18. We need not look at Jitendra Kumar (supra) or Uma Devi, (supra) to direct regularization of the respondent herein, in the service of the University. The respondent-workman shall be deemed to be in service from 16.12.1994 and continued till date without break in service. The period from 31.12.1997 to 17.02.2003, the date of the order of the Labour Court will not be considered as break in service but the entitlement of pay during the said period will be confined to 40% back wages as granted by the Labour Court. From 17.02.2003, the petitioner would be entitled to regular pay scales as a Junior Clerk till his actual reinstatement and from the date of reinstatement also he would be entitled to draw remuneration at the regular scales of pay. 19. The appellant-University would compute the arrears due from the order of the Labour Court and the directions herein, deduct the amounts already paid and pay the balance amounts within a period of six months from today.
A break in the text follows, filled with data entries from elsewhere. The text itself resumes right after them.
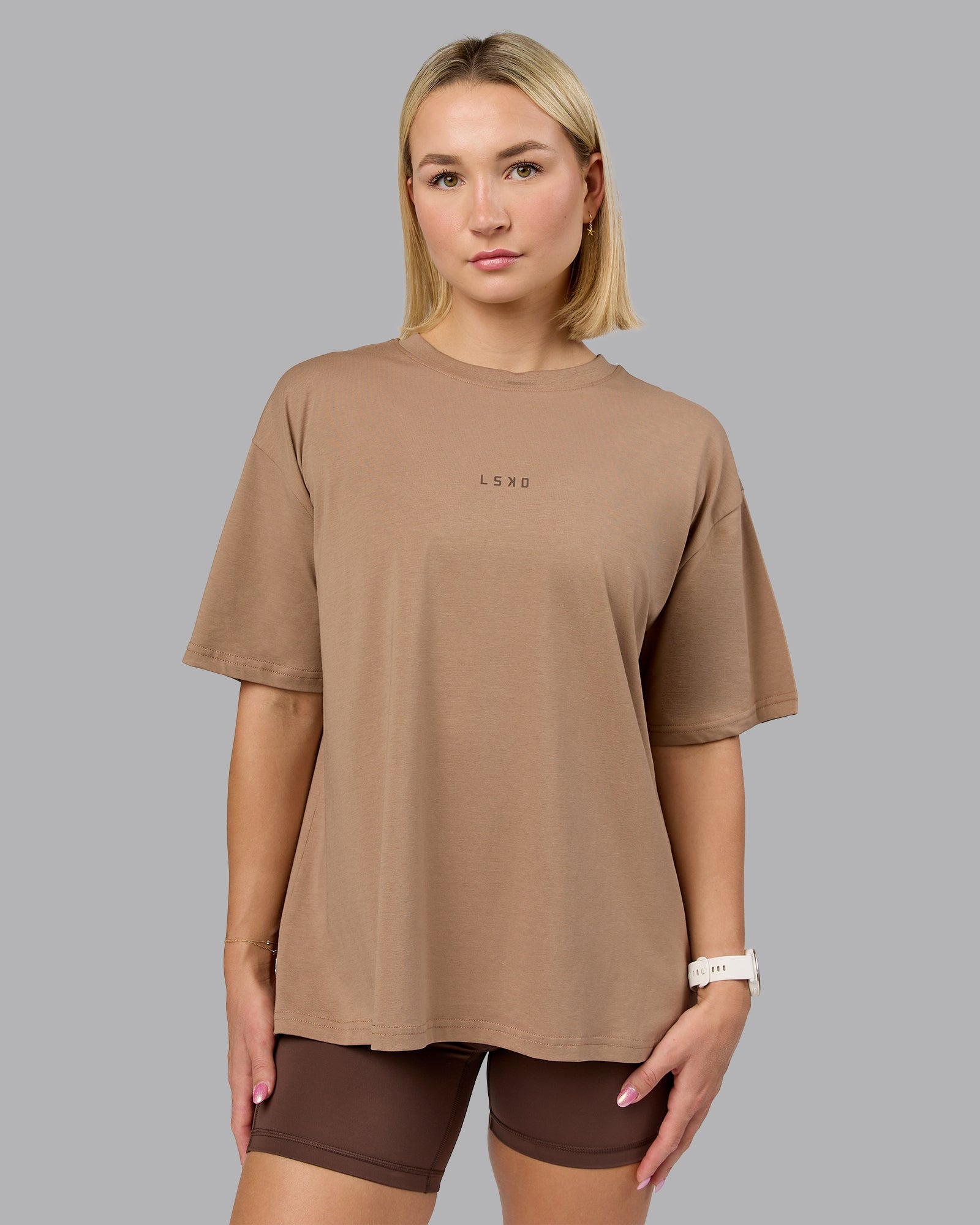 Woman wearing On Repeat FLXCotton Oversized Tee - Light Taupe-Choc | Model:Halle | Size:XS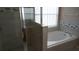 Spa-like bathroom with soaking tub and walk-in shower at 124 Lancaster Dr, Davenport, FL 33897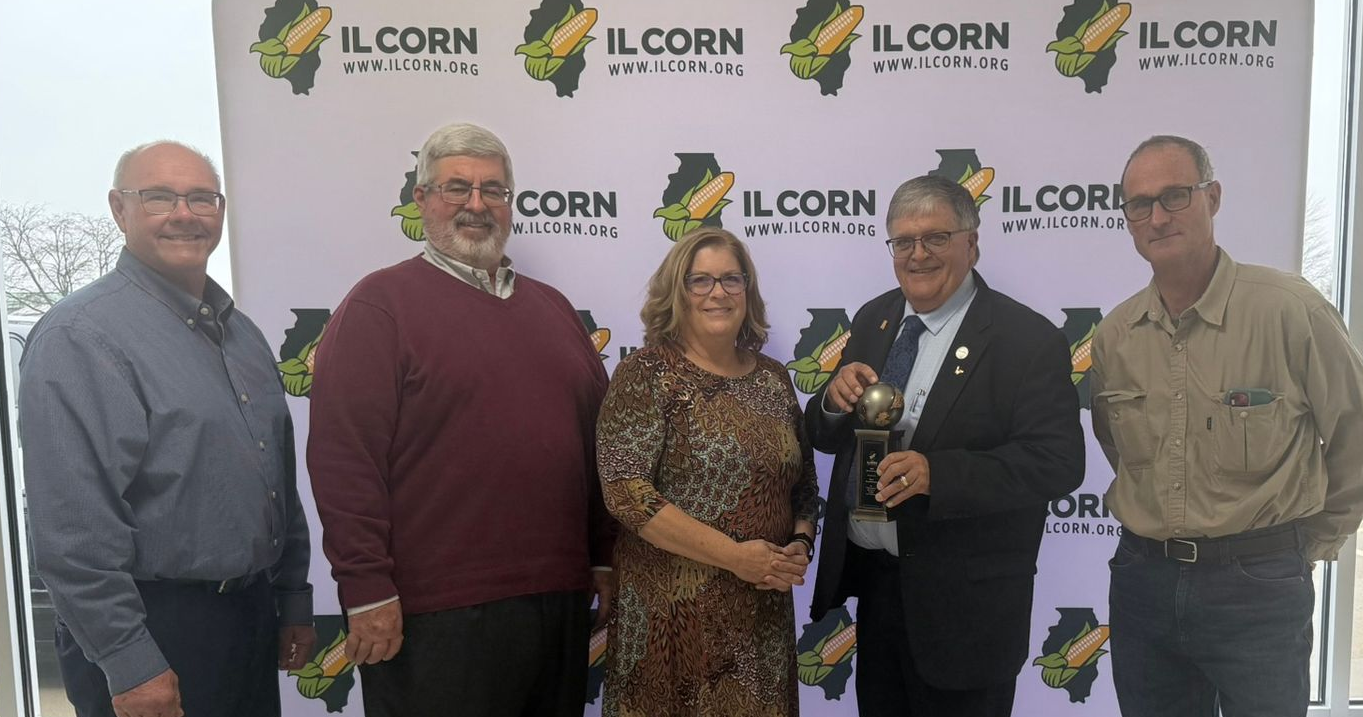 Five people pose with an award in front of an IL Corn backdrop.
If the amounts are not paid during the said period, the petitioner shall be entitled to interest at the rate of 6% for the arrears as computed on the 31st December of every year while he was continued in service, that too cumulatively, meaning thereby that the interest accrued in a particular year would carry interest in the subsequent year. We make it clear that the interest liability is only on the failure to comply with the directions herein and if interest liability arises, the University would be entitled to recover it from the officers who caused delay in complying with the directions in this judgment. 20. We also make it clear that the proceedings under Section 33C (2) of the ID Act has no further life insofar as the Labour Court award having been directed to be complied with. 21. We further make it clear that the order of regularization passed by us in the above case is on the peculiar facts and circumstances of this case, of the initiation and continuation of the litigation as is noticed by us in the above order, commencing from the Labour Court and thus being distinguished from ‘litigious employments’ deprecated in Uma Devi, (supra). 22. The appeal stands dismissed, leaving the parties to suffer their respective costs. 23. Pending applications, if any, shall stand disposed of.